There are definitely interesting, challenging books that win prizes and get written about in the broadsheets. In the last few years I've really enjoyed books by Lazlo Kraznahorkai,  Elfride Jelinek and Claudio Magris, all of whom I heard about through broadsheets, none of whom are remotely middlebrow. Thomas Pynchon's books are available everywhere and get reviewed in most newspapers. Slightly younger writers like Tom McCarthy and Eimar McBride, have made a big deal about their committment to modernism in their interviews.
But if the book pages of the Guardian annoy you that much, why not try the LRB or the TLS? Another source I really like for finding out about new fiction is US radio programme "Bookworm" presented by Michael Silverblatt, which is available online.
Modern writing's not some sort of waste land (lol) just because you can't open up the Daily Express and find a review of something which looks exactly like "Tender Buttons".

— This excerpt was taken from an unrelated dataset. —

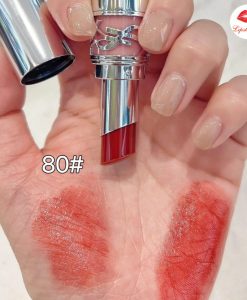 son-duong-ysl-mau-do-hong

Quote from: buttgammon on October 29, 2017, 09:04:37 PM
I sometimes think that in Britain especially, there is too much of a conservative streak in literature, maybe more than other art forms and definitely more than in other countries. There is definitely a tension elsewhere but I can't help but think it's more pronounced in Britain; it somehow feels that rather than trying to respond to the questions posed after modernism, we haven't even reached modernism itself. This is despite the fact that Britain was actually pretty fertile territory for modernist writing, but for whatever reason, it hasn't stuck as well as I'd have hoped.

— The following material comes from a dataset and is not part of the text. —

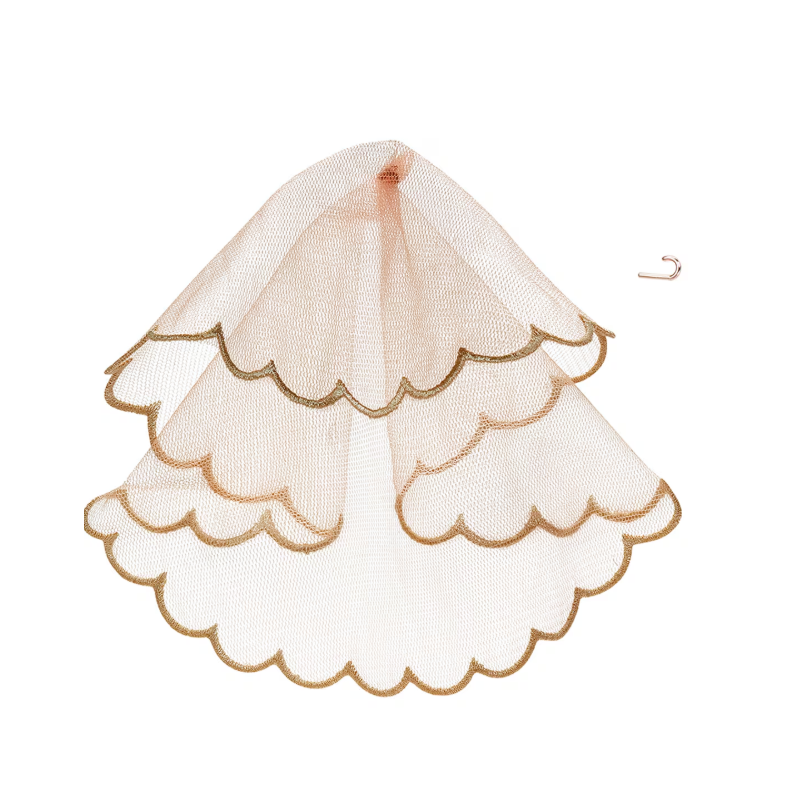 Bratz Bratzaversary Edición Limitada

Just as modernism was a response to crisis, the end of modernism provoked a crisis too. One of the ways of trying to resolve this crisis was postmodernism, but another was to return to the past. Modernism itself was often the site of tension between the past and the present, and in a way, it is actually quite appropriate that literature has fragmented into these different paths but at the same time, I can't see how we could ever go back.
I've heard it said before that there's a very specific reason why the German literary scene has a particularly intellectual bent, which is that in the 19th Century writers honestly beleived that Goethe had already written both the ultimate play, Faust, and the ultimate novel, The Sorrows of Young Werther, and that as such, any author of talent and vision turned their attention to philosophy instead.

greenman

Quote from: Twit 2 on October 26, 2017, 11:04:20 PM
I was reading 'Ping' in a collection of Beckett short prose and it reignited a prejudice I have that most serious fiction, the kind that gets reviewed in broadsheets and gets onto prize lists is just unambitious, backward-looking and stagnant. By contrast, if you looked at, say, modern classical music, dance, opera, film, painting, architecture and most other art forms, you can see the clear influence of modernism. But in writing, we're stuck on 'She walked across the room.' No she didn't.

Discuss!

What you could perhaps argue is that writing differs rather from those other artforms in terms of its consumption, more consumers who are drawn to something labelled "highbrow" without really having the desire for more challenging material?